Türkiye, PKK’yı tümden yok etmek için elinden geleni yaptı ve ciddi başarılar da elde etti; ancak “PKK tamamen ortadan kalktı” denebilir mi? Hayır! PKK hâlen varlığını sürdürüyor. Kimileri “Artık eylem yapamıyorlar” dese bile, onların eylem yapamaması için Türkiye’nin on binlerce askerini sınır hattında tutması gerekiyor. Türkiye bu nedenle artık bu sorunu tamamen sonlandırmak ve enerjisini başka alanlara yönlendirmek için bir uzlaşma yolunu deniyor. Muhtemelen işin sonunda, kısmi bir af ile PKK’nın önce silahlarını bırakmasını, ardından teslim olmasını sağlayacak bir süreç hedefleniyor. Amacına ulaşıp ulaşmayacağını ise zaman gösterecek.

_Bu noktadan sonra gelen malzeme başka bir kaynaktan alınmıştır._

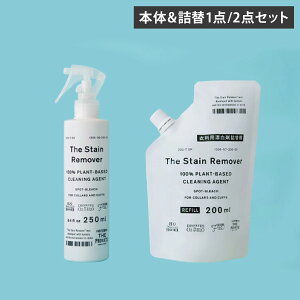 THE THE STAIN REMOVER �U �ߗ��p�Y���� �{�g�� �{�� �l�ߑւ� 2�_ 3�_�Z�b�g �ߗޗp�Y���� 200ml 250ml ���� ���L �Y�� ���ꗎ�� �A���R�� ���� ���{�� 1306-0050 1306-0057 ��̓�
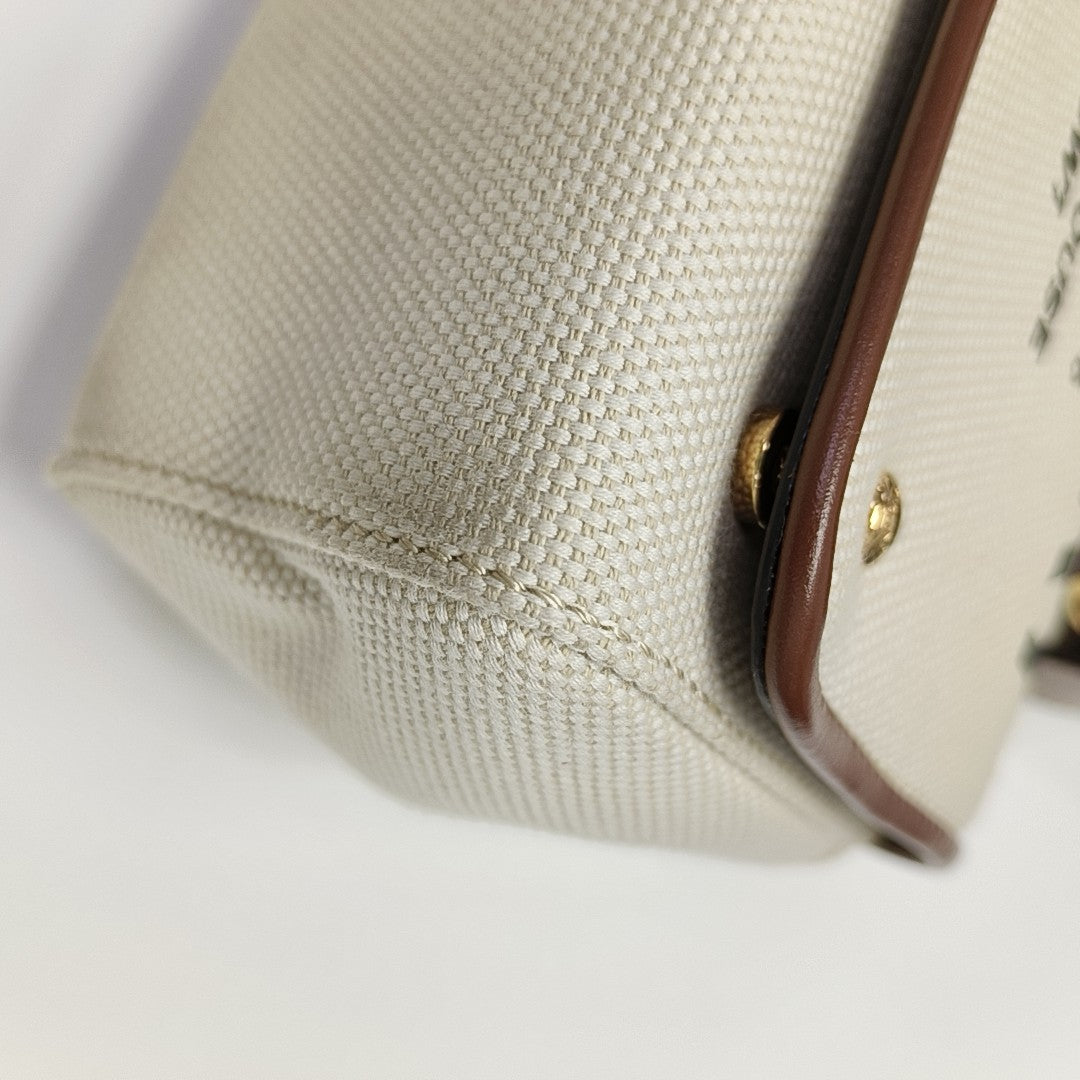 Horseferry Small Fabric White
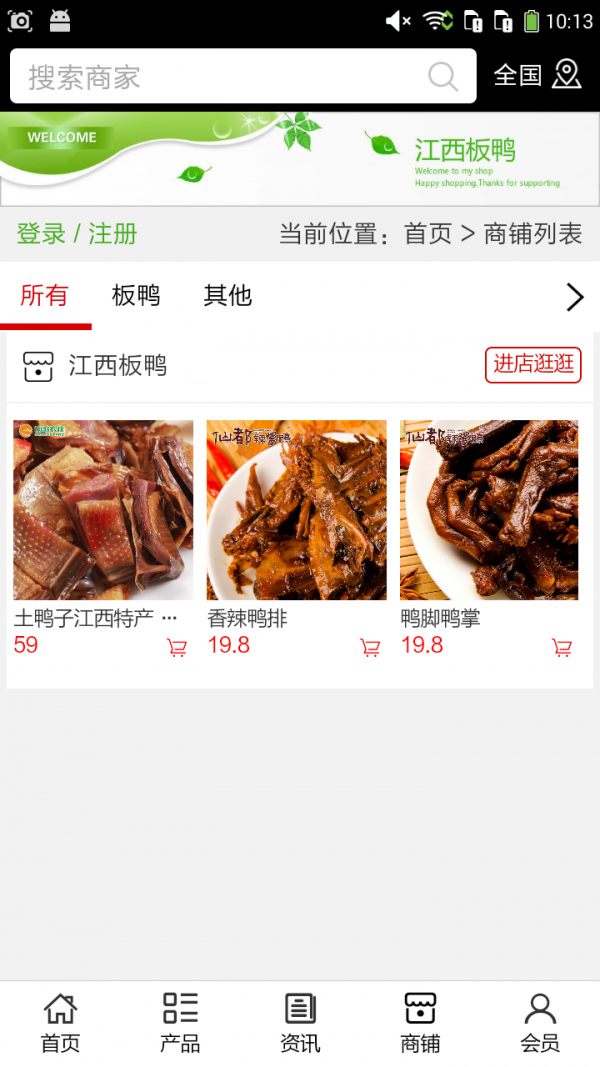 江西板鸭软件截图3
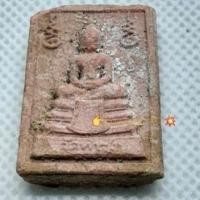 ราคา พระหางหมาก#หลวงพ่อฤษีลิงดำ# ตามสภาพค่ะ (8764602634)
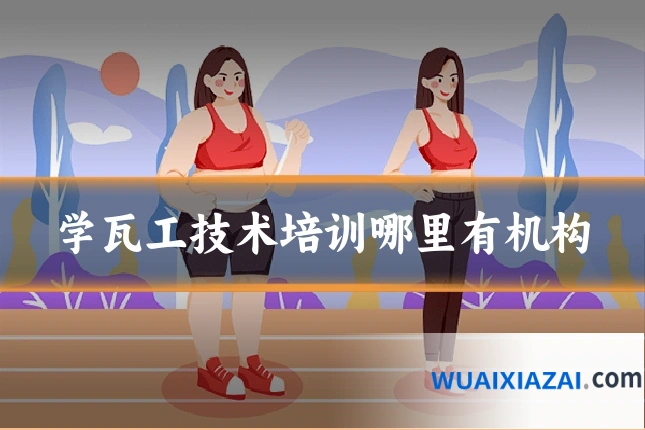学瓦工技术培训哪里有机构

Ancak böylesi bir süreç için toplumsal mutabakat aranırsa, o mutabakat asla sağlanamaz. Toplumlar bu tür sorunlara rasyonel değil, duygusal açıdan bakarlar. Verilen şehitleri düşünerek, hiçbir şekilde af gibi seçenekleri gündeme getirecek süreçleri desteklemezler. O nedenle bugün Türkiye’de halka yüz kere “PKK tamamen teslim olacak ama Öcalan da affedilmeli mi?” diye sorulsa, her seferinde çoğunlukla “Affedilmesin” yanıtı çıkar.
Oysa çatışmalar halkın çoğunun ne dediğiyle değil, devletin kararlılığıyla çözülür. Silahların susması çoğu zaman karşılıklı tavizleri gerektirir. Anketlere bakılarak karar verilseydi, dünyadaki çatışmaların çoğu hiç bitirilemezdi.
Siyasi partiler, tepkilere rağmen sorumluluklarını yerine getirmelidir
Bu nedenle CHP, “toplumsal mutabakat” gibi gerçekleşmesi zor olan bir şartı ileri sürmekten vazgeçmeli ve oturduğu masada sürecin iktidar tarafından siyasi amaçlara yönelik kullanılmasını engellemelidir. Barış süreçleri zordur, tepkilere açıktır; ancak bir kez başarıya ulaşıp üzerinden bir süre geçince değeri anlaşılır. Evet, birçok konuda halkın çoğunluğunun görüşü önemlidir; fakat ölümleri sonlandıracak bir süreçte siyasi partilerin, gerektiğinde halkın tepkilerini göğüsleyerek tarihî sorumluluklarını yerine getirmeleri daha da önemlidir. Cumhuriyeti kuran parti olarak CHP de bu görevini üstlenmekten kaçınmamalıdır.